_EXTRACTED ENTRIES:_
* * * *

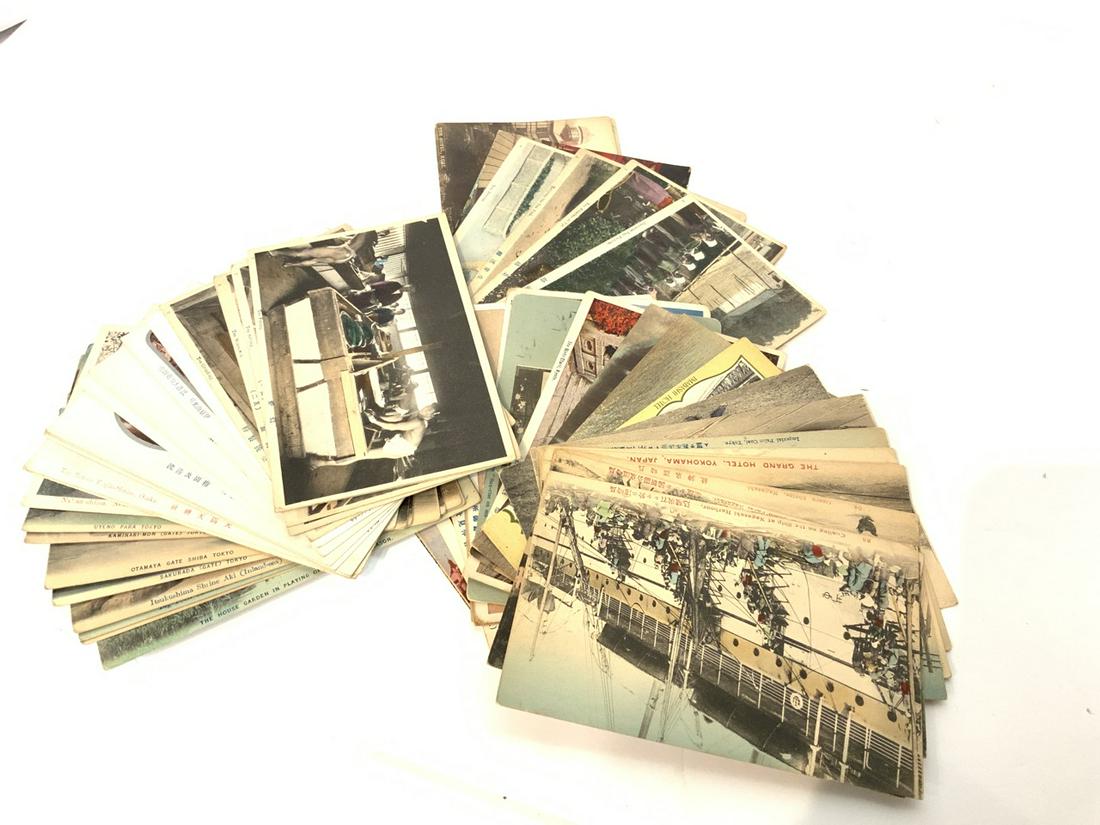 Assorted Postcards From Japan (1 of 1)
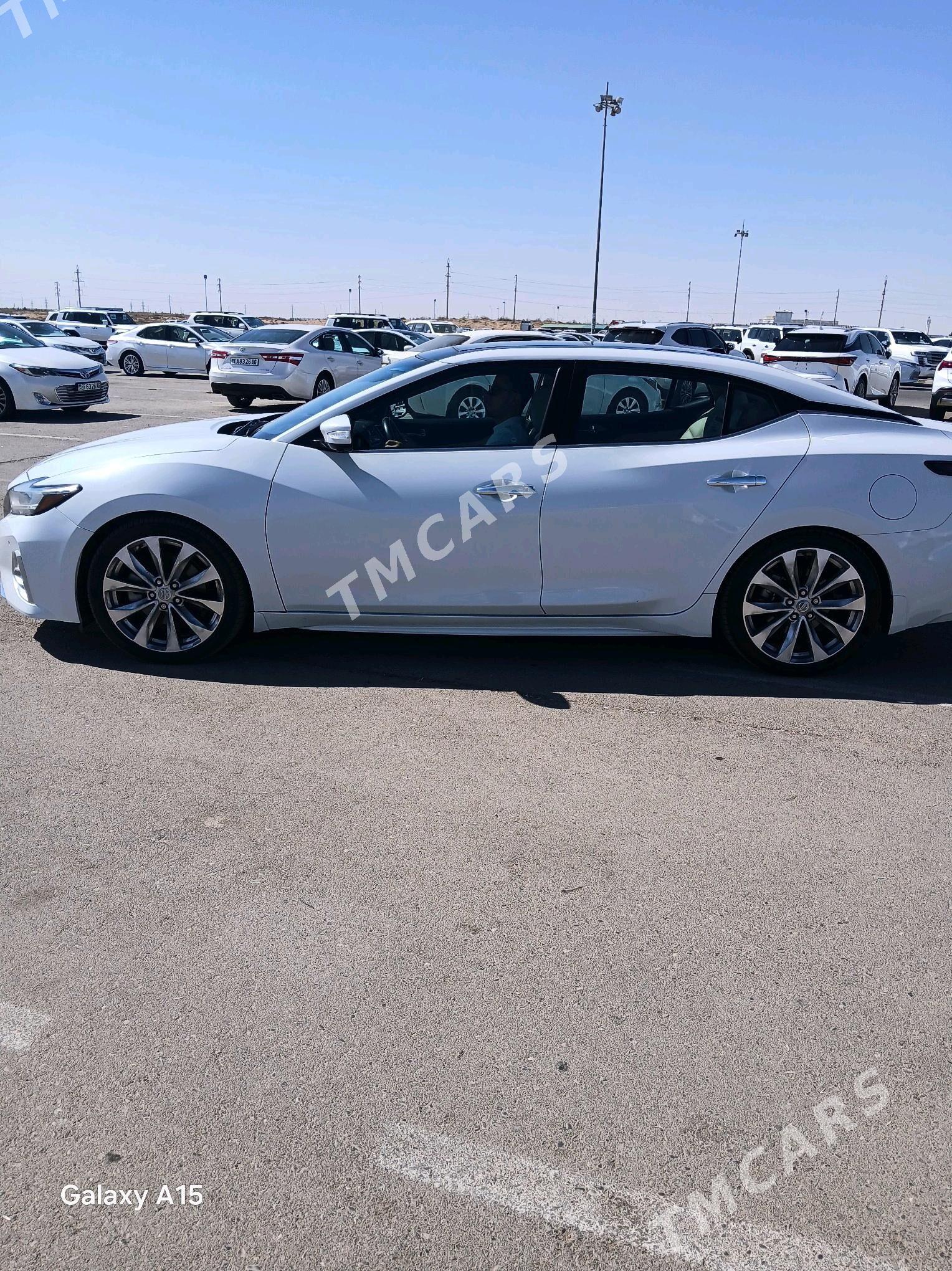 Nissan Maxima 2022 - 320 000 TMT - Достлук - img 6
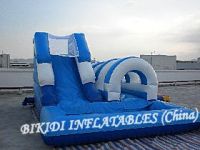 Sell Inflatable slide Combo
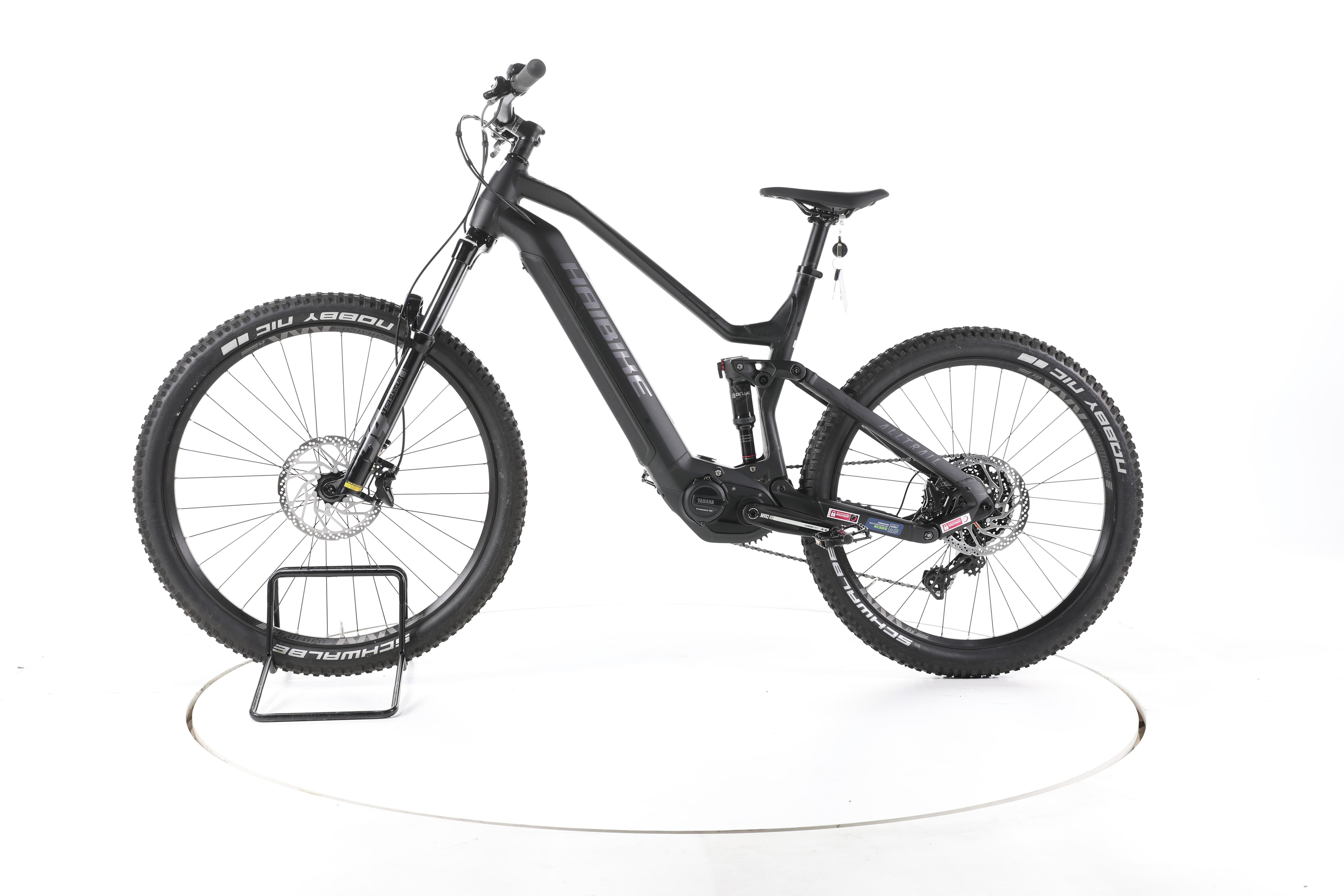 Haibike AllTrail 3 E-Bike Fully 2024 - Image 7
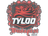 Sticker | TYLOO | Budapest 2025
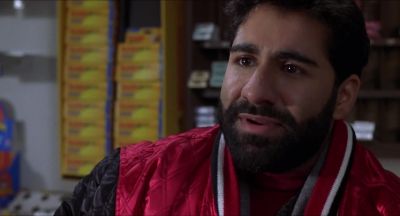 For one brief embarrassing moment I chose to give up - Barbershop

* * * *

Print, without pictures, exactly the lines from the one containing "Haibike AllTrail 3" through the final line of the records above.

 Haibike AllTrail 3 E-Bike Fully 2024 - Image 7
 Sticker | TYLOO | Budapest 2025
 For one brief embarrassing moment I chose to give up - Barbershop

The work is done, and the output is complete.